Dovremmo continuare a combattere le aggressioni sessuali nei campus universitari, insistendo contemporaneamente su processi equi per la valutazione delle denunce. Il mese scorso, la segretaria all’Istruzione Betsy DeVos ha proposto modifiche alle regole del Titolo IX che disciplinano il trattamento delle molestie sessuali e delle aggressioni nei campus. Mentre alcuni cambiamenti renderebbero più equo il processo di gestione delle denunce, altri indebolirebbero la protezione delle sopravvissute. Ad esempio, le nuove regole pretendono si indaghino solo le denunce più gravi e solo quando vengono presentate ai funzionari designati. Le donne nei campus hanno già problemi a farsi avanti: perché dovremmo consentire alle istituzioni di ridurre il supporto loro fornito?

Scrivo questo come una donna che ha dovuto cambiare il mio numero di telefono settimanalmente perché ricevevo minacce di morte. Per mesi ho lasciato raramente il mio appartamento e quando l’ho fatto, sono stato inseguita da droni e fotografi a piedi, in moto e in auto. I tabloid che hanno pubblicato foto di me le hanno presentate in una luce negativa. Mi sentivo come se fossi sotto processo davanti al tribunale dell’opinione pubblica – e la mia vita e il mio sostentamento dipendevano da una miriade di giudizi ben al di fuori del mio controllo.

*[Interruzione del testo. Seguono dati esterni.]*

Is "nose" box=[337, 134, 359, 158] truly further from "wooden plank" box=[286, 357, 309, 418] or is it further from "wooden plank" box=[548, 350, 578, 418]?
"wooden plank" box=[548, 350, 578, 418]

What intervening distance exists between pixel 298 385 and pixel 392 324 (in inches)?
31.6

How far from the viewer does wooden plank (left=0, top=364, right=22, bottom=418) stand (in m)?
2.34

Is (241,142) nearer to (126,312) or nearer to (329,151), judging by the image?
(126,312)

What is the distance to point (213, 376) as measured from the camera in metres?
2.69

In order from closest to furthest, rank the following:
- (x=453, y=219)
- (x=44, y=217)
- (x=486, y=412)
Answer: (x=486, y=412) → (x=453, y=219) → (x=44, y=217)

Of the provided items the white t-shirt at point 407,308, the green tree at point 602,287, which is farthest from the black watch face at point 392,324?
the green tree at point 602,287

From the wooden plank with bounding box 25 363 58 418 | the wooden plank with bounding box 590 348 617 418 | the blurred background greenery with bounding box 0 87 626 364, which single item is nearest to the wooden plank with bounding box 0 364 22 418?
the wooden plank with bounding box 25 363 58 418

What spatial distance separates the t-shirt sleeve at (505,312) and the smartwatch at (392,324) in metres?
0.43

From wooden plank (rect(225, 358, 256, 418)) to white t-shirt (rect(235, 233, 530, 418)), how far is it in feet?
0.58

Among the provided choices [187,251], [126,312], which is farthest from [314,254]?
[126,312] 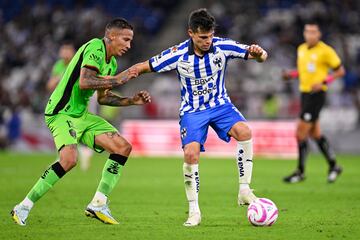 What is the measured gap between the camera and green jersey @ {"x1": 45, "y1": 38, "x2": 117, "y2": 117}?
886 centimetres

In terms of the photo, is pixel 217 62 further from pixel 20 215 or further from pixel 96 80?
pixel 20 215

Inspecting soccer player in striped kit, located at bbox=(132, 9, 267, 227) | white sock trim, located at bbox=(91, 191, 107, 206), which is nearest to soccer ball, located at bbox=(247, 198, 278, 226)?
soccer player in striped kit, located at bbox=(132, 9, 267, 227)

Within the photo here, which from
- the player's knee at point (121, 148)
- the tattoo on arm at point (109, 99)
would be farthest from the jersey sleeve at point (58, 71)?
the player's knee at point (121, 148)

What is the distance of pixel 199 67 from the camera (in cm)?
899

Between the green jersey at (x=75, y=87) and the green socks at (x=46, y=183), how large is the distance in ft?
2.30

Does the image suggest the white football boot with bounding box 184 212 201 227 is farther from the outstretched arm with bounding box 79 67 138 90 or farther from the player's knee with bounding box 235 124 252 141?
the outstretched arm with bounding box 79 67 138 90

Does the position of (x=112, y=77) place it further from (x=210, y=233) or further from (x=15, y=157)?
(x=15, y=157)

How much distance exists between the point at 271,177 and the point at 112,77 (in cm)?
799

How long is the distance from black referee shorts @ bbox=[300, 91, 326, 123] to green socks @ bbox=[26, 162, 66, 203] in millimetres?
7076

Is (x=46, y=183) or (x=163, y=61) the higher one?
(x=163, y=61)

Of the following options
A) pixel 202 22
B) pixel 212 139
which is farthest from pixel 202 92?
pixel 212 139

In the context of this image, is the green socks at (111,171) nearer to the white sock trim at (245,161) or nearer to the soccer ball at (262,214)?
the white sock trim at (245,161)

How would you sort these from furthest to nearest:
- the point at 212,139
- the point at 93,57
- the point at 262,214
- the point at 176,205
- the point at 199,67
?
the point at 212,139 < the point at 176,205 < the point at 199,67 < the point at 93,57 < the point at 262,214

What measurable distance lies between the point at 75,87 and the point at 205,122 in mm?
1562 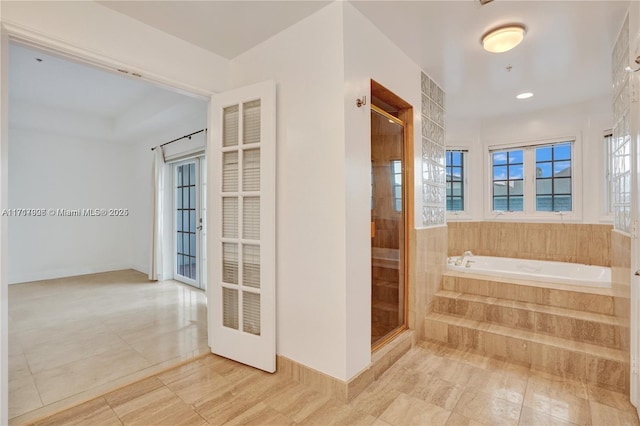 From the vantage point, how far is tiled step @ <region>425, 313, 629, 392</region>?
2.17 meters

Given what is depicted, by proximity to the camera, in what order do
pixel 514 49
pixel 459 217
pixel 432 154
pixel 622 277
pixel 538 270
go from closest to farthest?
pixel 622 277
pixel 514 49
pixel 432 154
pixel 538 270
pixel 459 217

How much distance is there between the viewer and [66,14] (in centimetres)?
186

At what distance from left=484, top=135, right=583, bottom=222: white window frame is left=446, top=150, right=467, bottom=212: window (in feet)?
1.03

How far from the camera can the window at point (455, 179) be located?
4.64 meters

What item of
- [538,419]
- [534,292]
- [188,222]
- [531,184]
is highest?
[531,184]

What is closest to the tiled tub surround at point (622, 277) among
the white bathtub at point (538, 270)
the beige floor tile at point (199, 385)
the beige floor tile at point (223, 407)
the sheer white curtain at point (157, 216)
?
the white bathtub at point (538, 270)

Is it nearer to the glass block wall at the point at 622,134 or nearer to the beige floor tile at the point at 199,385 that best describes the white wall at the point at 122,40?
the beige floor tile at the point at 199,385

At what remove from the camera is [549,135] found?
13.2 ft

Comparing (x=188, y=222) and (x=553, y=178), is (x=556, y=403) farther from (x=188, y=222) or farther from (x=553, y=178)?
(x=188, y=222)

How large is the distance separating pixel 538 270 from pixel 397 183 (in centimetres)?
252

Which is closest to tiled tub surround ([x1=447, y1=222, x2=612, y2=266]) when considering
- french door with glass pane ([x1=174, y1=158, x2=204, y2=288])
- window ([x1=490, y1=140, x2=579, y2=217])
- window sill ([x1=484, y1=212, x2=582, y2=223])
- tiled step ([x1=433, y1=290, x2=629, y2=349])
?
window sill ([x1=484, y1=212, x2=582, y2=223])

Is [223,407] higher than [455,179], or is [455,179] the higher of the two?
[455,179]

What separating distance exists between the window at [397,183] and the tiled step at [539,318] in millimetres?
1101

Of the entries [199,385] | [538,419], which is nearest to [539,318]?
[538,419]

Voglio la garanzia che le donne che si fanno avanti per parlare di violenza ricevano maggiore sostegno. Stiamo eleggendo rappresentanti che sanno quanto profondamente teniamo a questa questione. Possiamo lavorare insieme per chiedere modifiche alle leggi, alle regole e alle norme sociali e per correggere gli squilibri che hanno plasmato le nostre vite.

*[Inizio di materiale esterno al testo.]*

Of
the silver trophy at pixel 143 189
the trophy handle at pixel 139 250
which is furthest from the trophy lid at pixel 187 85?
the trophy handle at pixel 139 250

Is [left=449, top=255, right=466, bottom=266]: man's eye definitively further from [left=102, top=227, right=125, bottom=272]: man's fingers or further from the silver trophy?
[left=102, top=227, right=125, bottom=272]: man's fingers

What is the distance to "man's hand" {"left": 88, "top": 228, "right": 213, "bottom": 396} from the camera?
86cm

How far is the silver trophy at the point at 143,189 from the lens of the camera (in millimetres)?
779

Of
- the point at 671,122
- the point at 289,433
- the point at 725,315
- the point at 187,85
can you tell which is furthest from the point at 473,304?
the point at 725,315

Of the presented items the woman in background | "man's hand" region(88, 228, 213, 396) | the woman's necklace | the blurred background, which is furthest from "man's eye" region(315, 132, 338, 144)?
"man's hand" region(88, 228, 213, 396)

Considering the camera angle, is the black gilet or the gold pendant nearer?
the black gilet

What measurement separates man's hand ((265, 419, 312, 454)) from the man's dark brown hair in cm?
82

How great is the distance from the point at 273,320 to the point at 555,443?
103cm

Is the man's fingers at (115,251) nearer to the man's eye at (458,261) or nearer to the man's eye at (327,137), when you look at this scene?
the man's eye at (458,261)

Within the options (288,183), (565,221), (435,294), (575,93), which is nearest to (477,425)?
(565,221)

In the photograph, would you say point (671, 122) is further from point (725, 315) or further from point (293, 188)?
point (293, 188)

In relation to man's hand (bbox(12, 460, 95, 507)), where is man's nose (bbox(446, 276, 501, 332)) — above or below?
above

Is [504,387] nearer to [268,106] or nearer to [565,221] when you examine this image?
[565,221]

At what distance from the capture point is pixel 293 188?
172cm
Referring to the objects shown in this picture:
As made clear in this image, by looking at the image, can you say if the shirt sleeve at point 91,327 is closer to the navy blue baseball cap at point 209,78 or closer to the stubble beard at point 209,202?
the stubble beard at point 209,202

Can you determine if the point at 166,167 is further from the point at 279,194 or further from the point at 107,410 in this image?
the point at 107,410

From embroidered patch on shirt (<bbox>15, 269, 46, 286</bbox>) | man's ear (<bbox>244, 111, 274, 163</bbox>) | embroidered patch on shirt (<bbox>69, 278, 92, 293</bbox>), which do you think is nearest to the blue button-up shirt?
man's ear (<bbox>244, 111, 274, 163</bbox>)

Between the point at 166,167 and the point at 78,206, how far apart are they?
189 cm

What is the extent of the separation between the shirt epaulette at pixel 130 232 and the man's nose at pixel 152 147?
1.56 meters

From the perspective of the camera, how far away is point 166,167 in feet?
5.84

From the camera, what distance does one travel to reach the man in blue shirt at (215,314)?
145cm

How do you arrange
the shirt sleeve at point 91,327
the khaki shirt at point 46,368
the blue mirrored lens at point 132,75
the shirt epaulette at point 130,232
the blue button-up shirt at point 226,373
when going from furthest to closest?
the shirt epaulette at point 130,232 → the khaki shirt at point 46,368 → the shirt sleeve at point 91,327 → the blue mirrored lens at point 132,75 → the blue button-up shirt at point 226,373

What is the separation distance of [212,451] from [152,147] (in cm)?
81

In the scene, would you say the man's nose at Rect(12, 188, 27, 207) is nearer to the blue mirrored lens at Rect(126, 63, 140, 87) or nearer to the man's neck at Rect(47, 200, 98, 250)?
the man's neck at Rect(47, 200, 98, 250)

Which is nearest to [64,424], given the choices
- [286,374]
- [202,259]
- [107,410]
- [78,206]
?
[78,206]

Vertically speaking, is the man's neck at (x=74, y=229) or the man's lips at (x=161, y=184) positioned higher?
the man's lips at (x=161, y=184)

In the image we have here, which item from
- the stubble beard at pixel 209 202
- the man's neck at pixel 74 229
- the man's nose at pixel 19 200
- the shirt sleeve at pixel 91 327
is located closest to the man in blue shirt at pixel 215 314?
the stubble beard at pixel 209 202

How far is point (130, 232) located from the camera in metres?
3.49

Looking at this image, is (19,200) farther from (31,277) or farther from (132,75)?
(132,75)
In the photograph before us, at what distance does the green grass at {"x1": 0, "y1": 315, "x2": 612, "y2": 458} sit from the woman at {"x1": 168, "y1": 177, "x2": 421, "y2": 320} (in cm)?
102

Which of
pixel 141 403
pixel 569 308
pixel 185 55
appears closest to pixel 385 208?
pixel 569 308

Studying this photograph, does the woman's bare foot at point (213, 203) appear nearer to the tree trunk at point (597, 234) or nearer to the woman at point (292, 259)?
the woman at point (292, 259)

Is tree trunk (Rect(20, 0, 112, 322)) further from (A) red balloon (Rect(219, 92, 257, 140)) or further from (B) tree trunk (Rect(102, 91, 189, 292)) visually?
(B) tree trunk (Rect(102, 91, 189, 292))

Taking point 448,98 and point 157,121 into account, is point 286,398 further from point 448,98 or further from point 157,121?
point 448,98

Dove si parla di Johnny Depp? In che passo si denunciano le tremende violenze subite nel corso del matrimonio con l’attore?

Then two years ago, I became a public figure representing domestic abuse, and I felt the full force of our culture’s wrath for women who speak out.

Vorrei che confrontaste questa diffamante affermazione con i contenuti presenti al momento nel web, nei quali, sulla base di un fazzoletto strofinato brevemente sotto al naso, pseudogiornalisti insinuano che l’attrice sniffasse cocaina in aula.

Questo non è un articolo contro Johnny Depp: questo è un articolo contro il pubblico e le sue reazioni sguaiate alla sua causa di divorzio, che, iniziando con un ordine restrittivo emesso contro Depp, ci costrinse a scendere a patti con la possibilità che il tenero Jack Sparrow che visita i bambini negli ospedali, il sogno erotico di ogni donna che entrava nella pubertà ai tempi di Don Juan De Marco Maestro D’amore, quando si chiude alle spalle la porta di casa e poggia il copione, si trasforma in uno squallido maltrattante qualunque.

La desolante gogna virtuale imbastita oggi per Amber Heard non fa altro che confermarne la veridicità: quando una donna è pubblicamente coinvolta in un caso di violenza domestica la nostra società diventa intollerabilmente feroce nei suoi confronti, rendendo impossibile un equo processo.